How to complete this task:
If an entry below holds a picture, leave the picture out and print the rest exactly.

Brief descriptive captions:

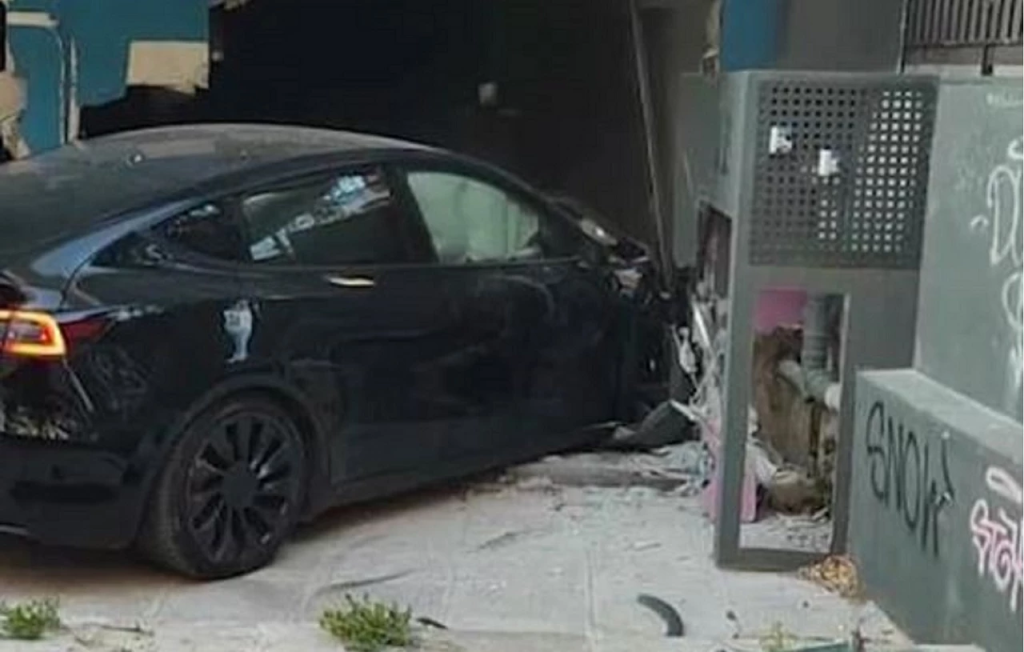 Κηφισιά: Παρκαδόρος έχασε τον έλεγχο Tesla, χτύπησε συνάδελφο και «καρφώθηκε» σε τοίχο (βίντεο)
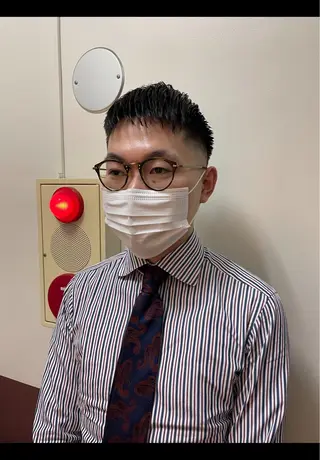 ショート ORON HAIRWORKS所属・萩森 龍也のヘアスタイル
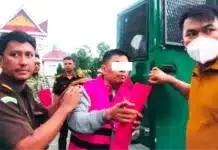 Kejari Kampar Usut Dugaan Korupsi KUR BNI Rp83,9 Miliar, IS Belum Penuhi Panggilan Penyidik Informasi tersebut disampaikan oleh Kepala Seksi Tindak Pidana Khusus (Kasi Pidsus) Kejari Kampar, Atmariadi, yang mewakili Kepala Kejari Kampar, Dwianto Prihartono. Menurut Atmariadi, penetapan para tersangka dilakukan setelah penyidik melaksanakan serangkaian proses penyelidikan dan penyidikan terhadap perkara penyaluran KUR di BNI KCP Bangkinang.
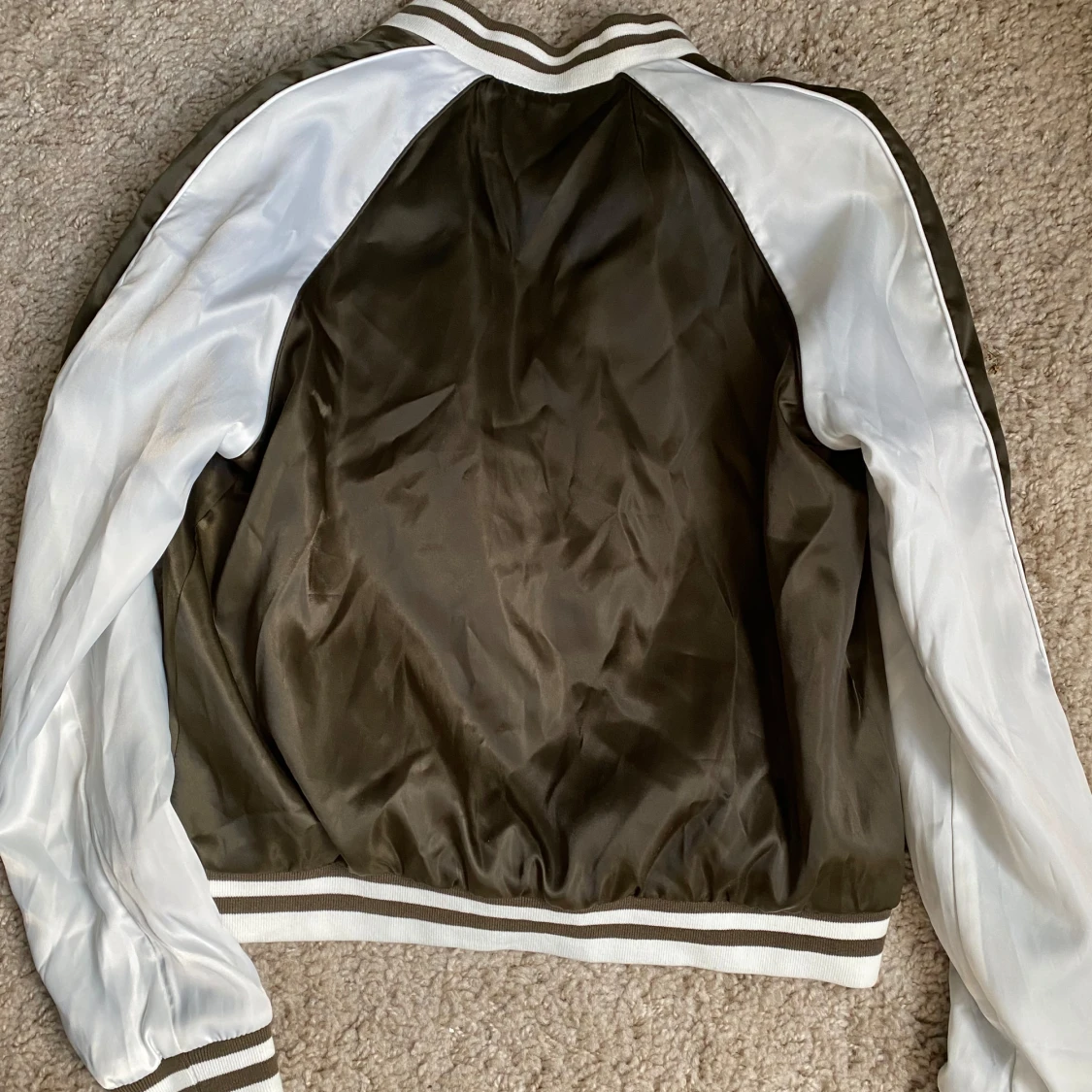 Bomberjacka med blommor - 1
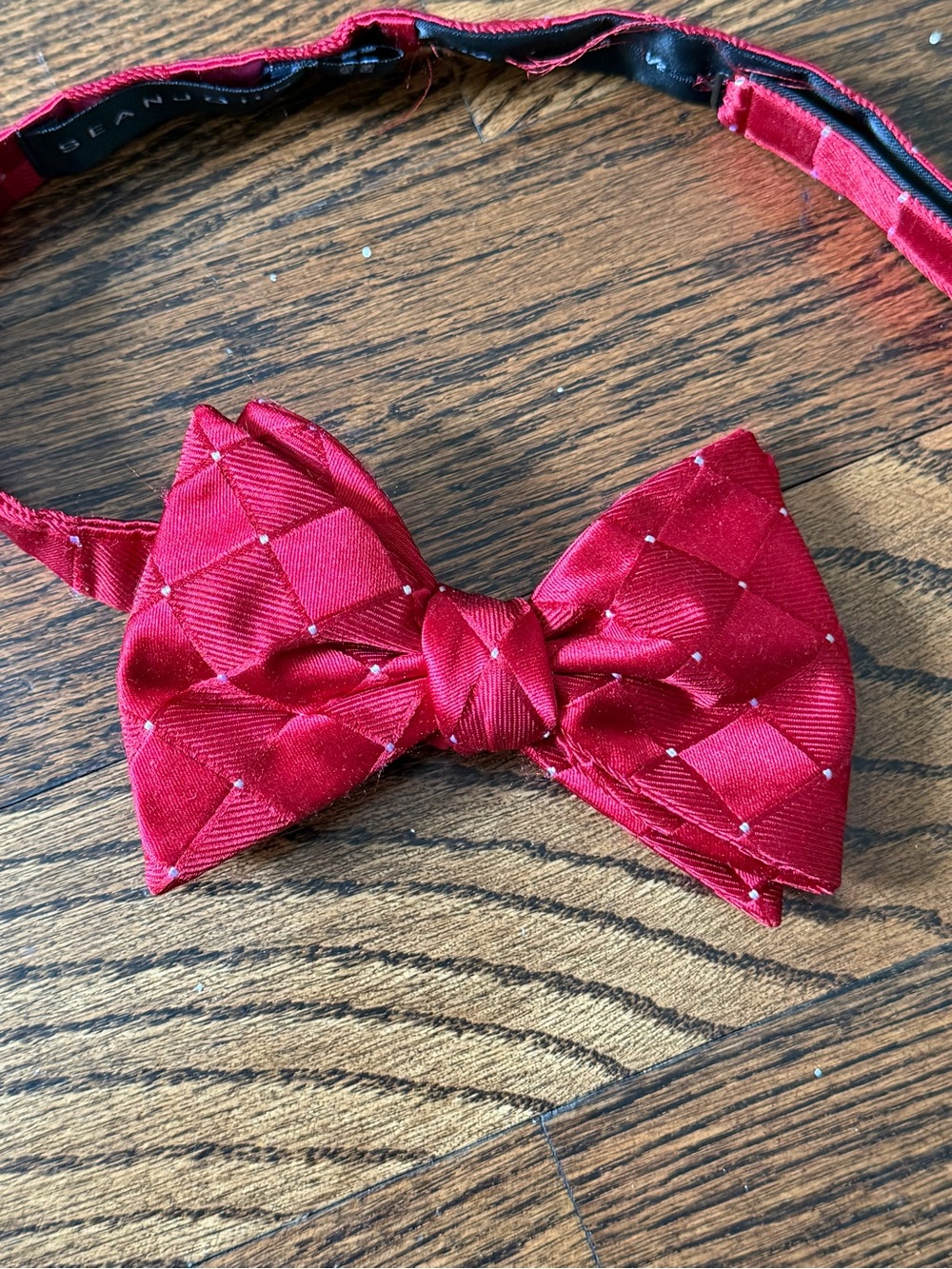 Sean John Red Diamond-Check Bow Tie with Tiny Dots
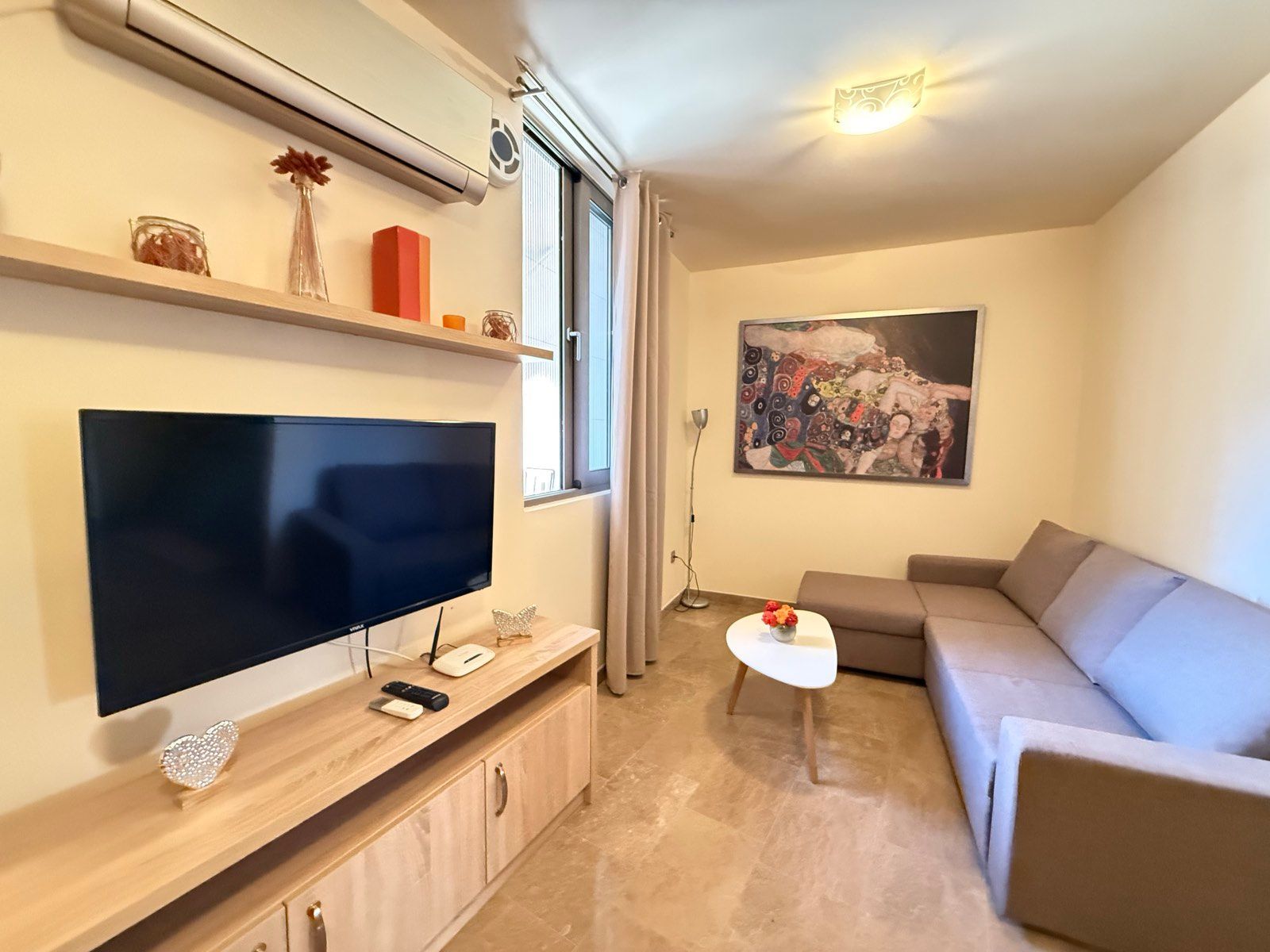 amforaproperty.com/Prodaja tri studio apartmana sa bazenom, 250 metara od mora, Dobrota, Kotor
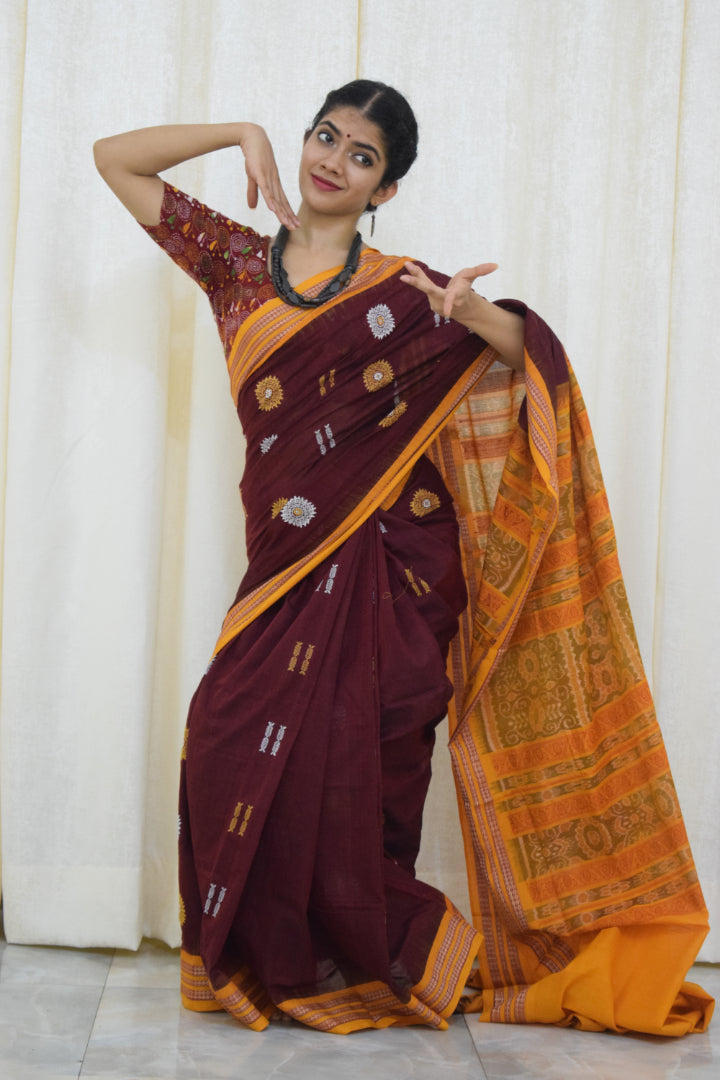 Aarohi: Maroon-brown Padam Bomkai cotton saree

Result:
 Κηφισιά: Παρκαδόρος έχασε τον έλεγχο Tesla, χτύπησε συνάδελφο και «καρφώθηκε» σε τοίχο (βίντεο)
 ショート ORON HAIRWORKS所属・萩森 龍也のヘアスタイル
 Kejari Kampar Usut Dugaan Korupsi KUR BNI Rp83,9 Miliar, IS Belum Penuhi Panggilan Penyidik Informasi tersebut disampaikan oleh Kepala Seksi Tindak Pidana Khusus (Kasi Pidsus) Kejari Kampar, Atmariadi, yang mewakili Kepala Kejari Kampar, Dwianto Prihartono. Menurut Atmariadi, penetapan para tersangka dilakukan setelah penyidik melaksanakan serangkaian proses penyelidikan dan penyidikan terhadap perkara penyaluran KUR di BNI KCP Bangkinang.
 Bomberjacka med blommor - 1
 Sean John Red Diamond-Check Bow Tie with Tiny Dots
 amforaproperty.com/Prodaja tri studio apartmana sa bazenom, 250 metara od mora, Dobrota, Kotor
 Aarohi: Maroon-brown Padam Bomkai cotton saree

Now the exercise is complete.